Eigentlich hatten die USA ihr finanzielles Limit bereits am 19. Januar 2023 erreicht: Mit einer Verschuldung von 31,4 Billionen US-Dollar wurde die zuletzt im Dezember 2021 vom US-Kongress angehobene Schuldenobergrenze überschritten. Das bedeutete, dass sich die US-Regierung über den Markt für Staatsanleihen kein weiteres Geld mehr leihen durfte, um die verschiedenen staatlichen Vorhaben zu finanzieren.
Seither finanziert sich der Staat mithilfe „außerordentlicher Maßnahmen“. Doch auch diese könnten bald ausgeschöpft sein: Nach Angaben des überparteilichen Congressional Budget Office (CBO) verfügte das Finanzministerium am 30. April über Barmittel in Höhe von rund 316 Milliarden US-Dollar sowie verbleibende außerordentliche Mittel in Höhe von schätzungsweise 41 Milliarden US-Dollar. Bleibt die Schuldengrenze unverändert, besteht ein erhebliches Risiko, dass die liquiden Mittel und außerordentlichen Mittel des Finanzministeriums irgendwann in den ersten beiden Juniwochen aufgebraucht sein könnten. Sobald dieser Zeitpunkt erreicht ist, müsste die Regierung Zahlungen für einige Vorhaben verschieben, ihre Schulden nicht bedienen oder beides.

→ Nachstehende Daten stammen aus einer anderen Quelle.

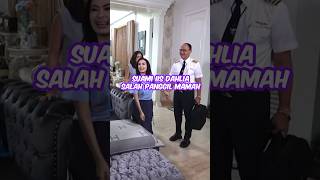 Download lagu SUAMI IIS DAHLIA PANGGIL MAMAH KE JEDAR, ADA APA?! #shorts #gosipartis mp3 Download lagu SUAMI IIS DAHLIA PANGGIL MAMAH KE JEDAR, ADA APA?! #shorts #gosipartis mp3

Sollten sich jedoch die Barmittel und außerordentlichen Mittel des Finanzministeriums als ausreichend erweisen, um die Regierung bis zum 15. Juni zu finanzieren, schätzt das CBO, dass die erwarteten vierteljährlichen Steuereinnahmen sowie zusätzliche außerordentliche Einnahmen es der Regierung wahrscheinlich ermöglichen würden, ihre Ausgaben mindestens bis Ende Juli zu finanzieren.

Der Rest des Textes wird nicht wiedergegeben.